Some embodiments of the present disclosure provide an electronic device. The electronic device may include: at least one processor; and a memory in communication with the at least one processor; where the memory stores instructions executable by the at least one processor, and the instructions, when executed by the at least one processor, cause the at least one processor to perform the above methods.

Some embodiments of the present disclosure provide a non-transitory computer readable storage medium storing computer instructions, wherein, the computer instructions are used to cause the computer to perform the above methods.

Some embodiments of the present disclosure provide a computer program product. The computer program product may include a computer program/instruction, the computer program/instruction, when executed by a processor, implements the above methods.

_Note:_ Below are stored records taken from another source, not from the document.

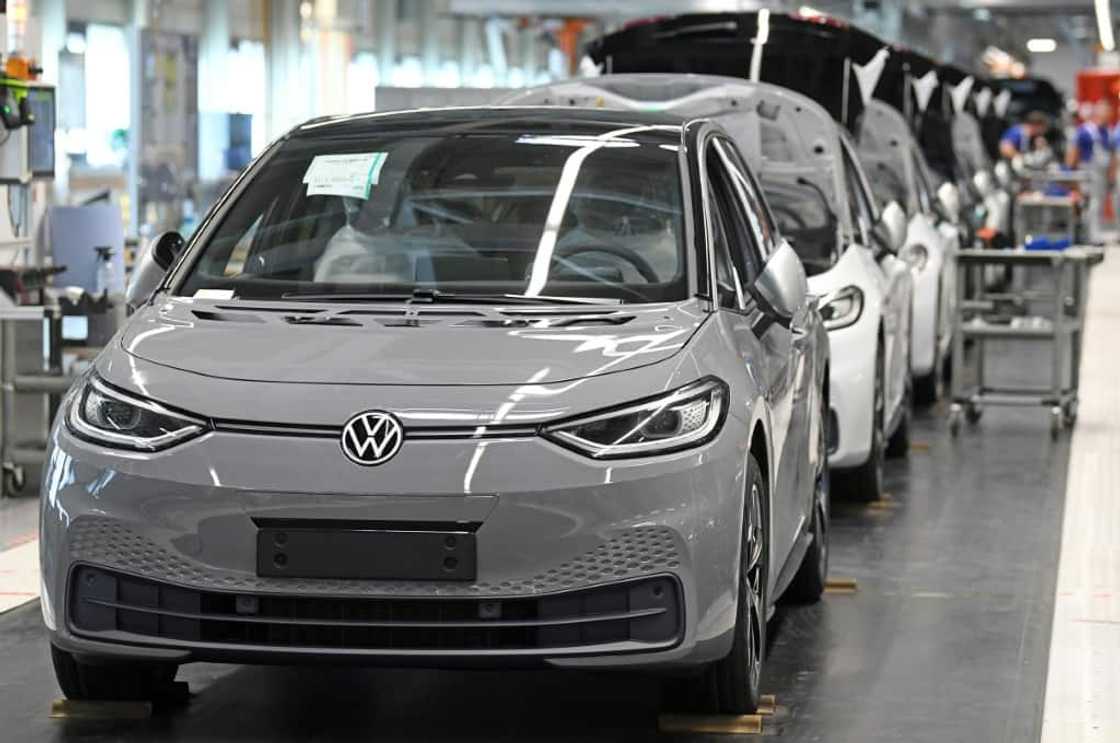 Around 35 Volkswagen electric cars are finished every day at the "Transparent Factory" in Dresden Around 35 Volkswagen electric cars are finished every day at the "Transparent Factory" in Dresden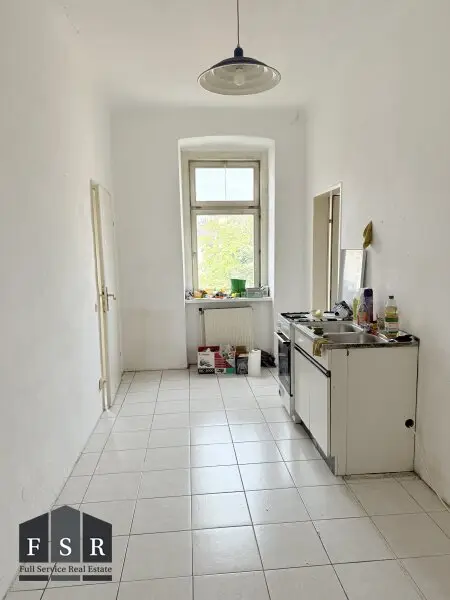 Lichtdurchflutete 4,5 Zimmer Wohnung - SANIERUNGSBEDÜRFTIG & BALKONANBAU möglich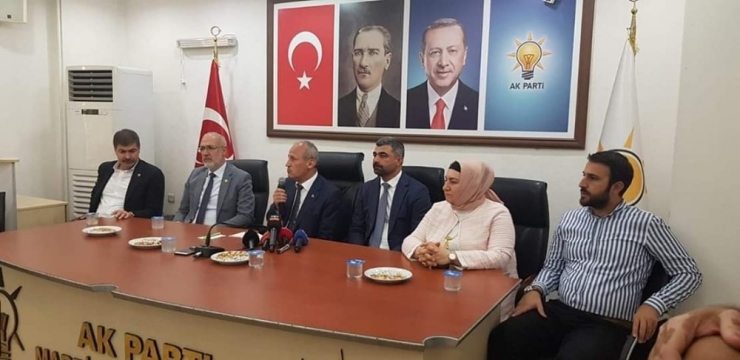 Bakan Turhan Mardin’de Partililerle Bir Araya Geldi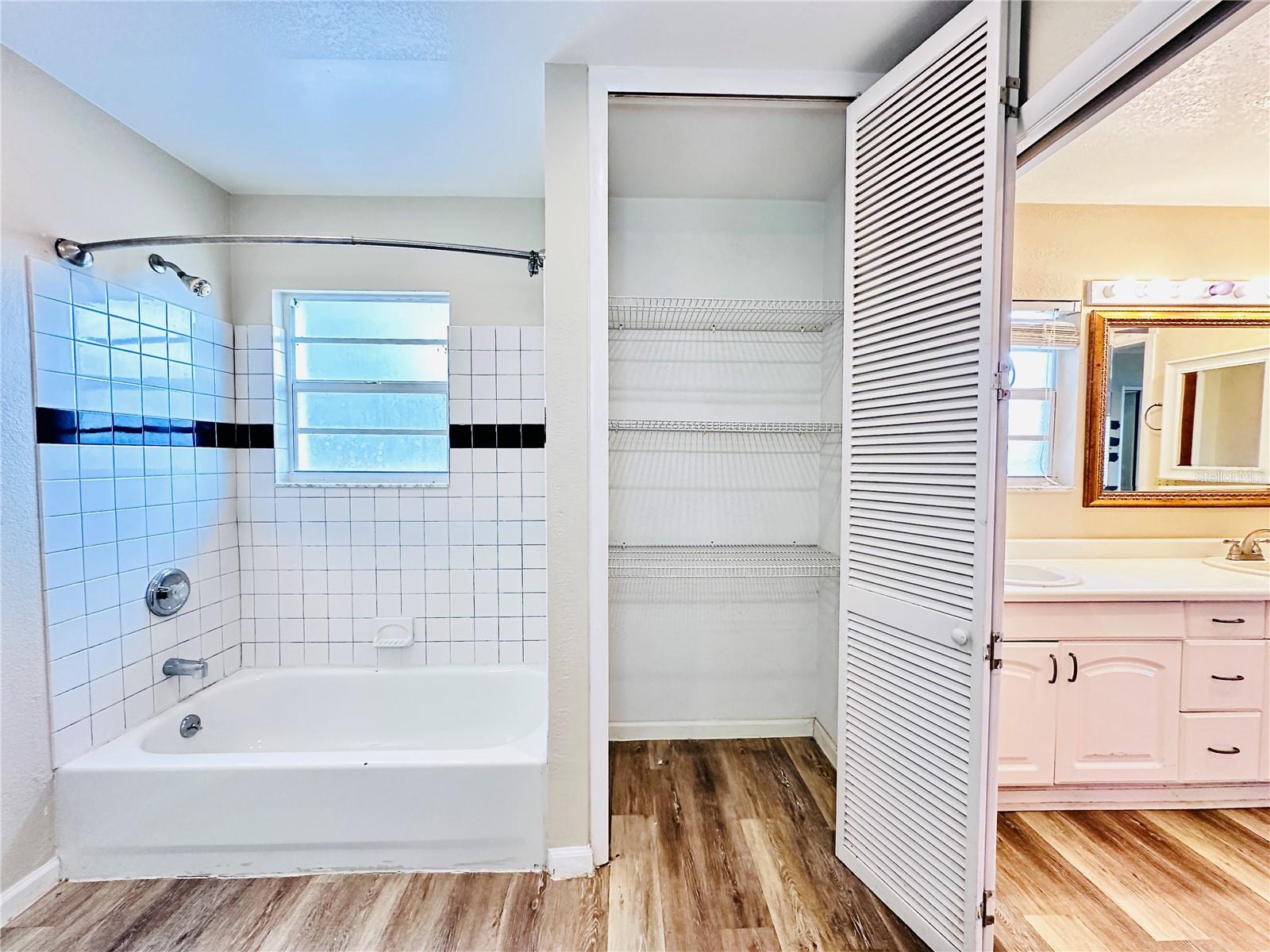 HAPPY TRAILS UNIT 3 UNREC - Residential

It should be understood that contents described in this section are neither intended to identify key or important features of embodiments of the present disclosure, nor intended to limit the scope of the present disclosure. Other features of the present disclosure will become readily understood in conjunction with the following description.

BRIEF DESCRIPTION OF THE DRAWINGS

Other features, objectives and advantages of the present disclosure will become more apparent upon reading the detailed description of non-limiting embodiment with reference to the following accompanying drawings. The accompanying drawings are used for a better understanding of the scheme, and do not constitute a limitation to the present disclosure. Here:

FIG. 1 is an exemplary system architecture diagram to which the present disclosure may be applied;

FIG. 2 is a flowchart of a method for generating an image restoration model according to an embodiment of the present disclosure;

FIG. 3 is a flowchart of a method for generating an image restoration model according to another embodiment of the present disclosure;

FIG. 4 is a flowchart of a method for restoring an image according to an embodiment of the present disclosure;

FIG. 5 is an application scenario of a method for restoring an image according to the present disclosure;

FIG. 6 is a schematic structural diagram of an apparatus for generating an image restoration model according to an embodiment of the present disclosure;

FIG. 7 is a schematic structural diagram of an apparatus for restoring an image according to an embodiment of the present disclosure; and

FIG. 8 is a block diagram of an electronic device adapted to implement an embodiment of the present disclosure.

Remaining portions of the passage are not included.